Policies
qbrix ships 12 multi-armed bandit policies organized into three categories: stochastic, contextual, and adversarial. Each policy implements a different exploration-exploitation strategy.
Choosing a Policy
Answer a few questions to find the right policy for your use case:
Do you have per-request user features?
Stochastic Policies
These assume rewards are drawn from a stationary distribution. Best for standard A/B testing and optimization scenarios.
BetaTSPolicy
Thompson Sampling with Beta priors. The recommended default for binary rewards.
| Parameter | Type | Default | Description |
|---|---|---|---|
alpha_prior | float | 1.0 | Beta prior alpha (successes) |
beta_prior | float | 1.0 | Beta prior beta (failures) |
- Reward type: Binary (0 or 1)
- Best for: Click-through optimization, conversion rate testing
- Pros: Naturally balances exploration/exploitation, fast convergence
- Cons: Only supports binary rewards
GaussianTSPolicy
Thompson Sampling with Gaussian priors. For continuous reward values.

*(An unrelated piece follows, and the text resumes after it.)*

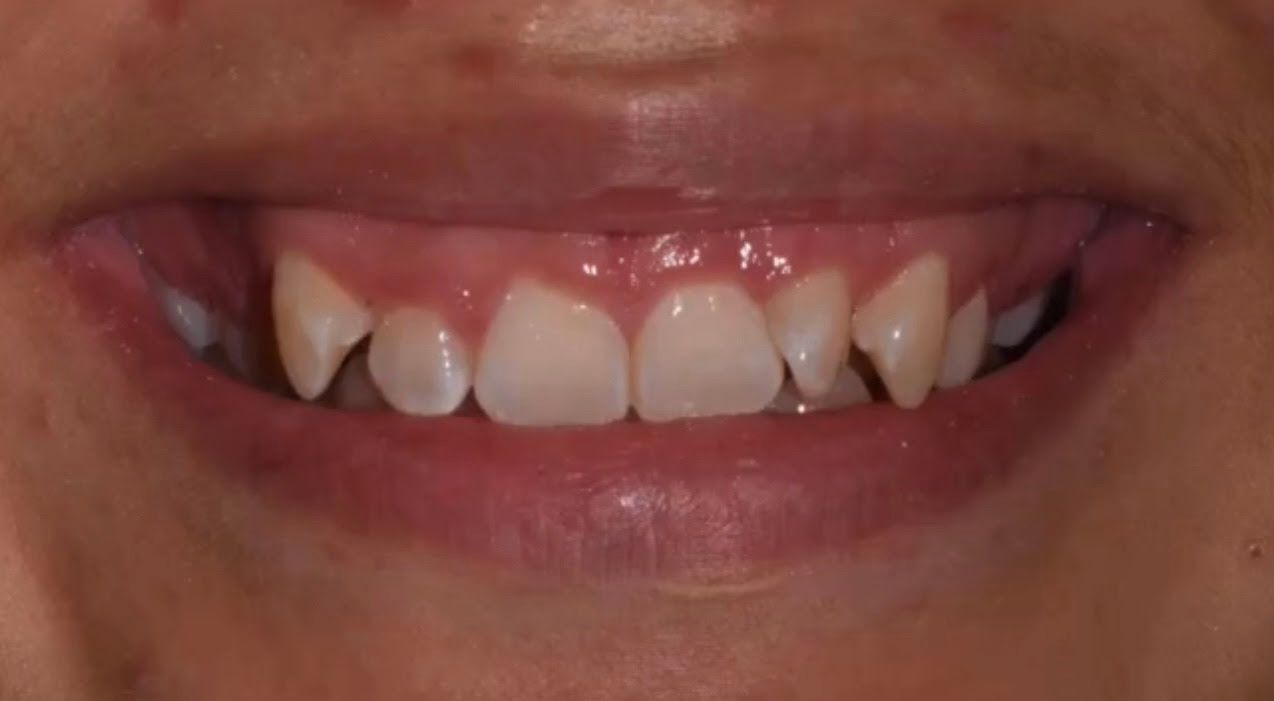Close-up of a smiling mouth with visible teeth and slight crookedness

| Parameter | Type | Default | Description |
|---|---|---|---|
mu_prior | float | 0.0 | Prior mean |
sigma_prior | float | 1.0 | Prior standard deviation |
- Reward type: Continuous (any float)
- Best for: Revenue optimization, time-on-page, engagement scores
- Pros: Handles continuous rewards, principled Bayesian updates
- Cons: Assumes Gaussian reward distribution
UCB1TunedPolicy
Upper Confidence Bound with tuned variance. Deterministic, no randomness in selection.
| Parameter | Type | Default | Description |
|---|---|---|---|
| — | — | — | No configurable parameters |
- Reward type: Continuous
- Best for: When you want deterministic, reproducible selections
- Pros: Strong theoretical guarantees, no randomness
- Cons: Can over-explore in practice
KLUCBPolicy
KL-divergence based Upper Confidence Bound. Optimal for Bernoulli rewards.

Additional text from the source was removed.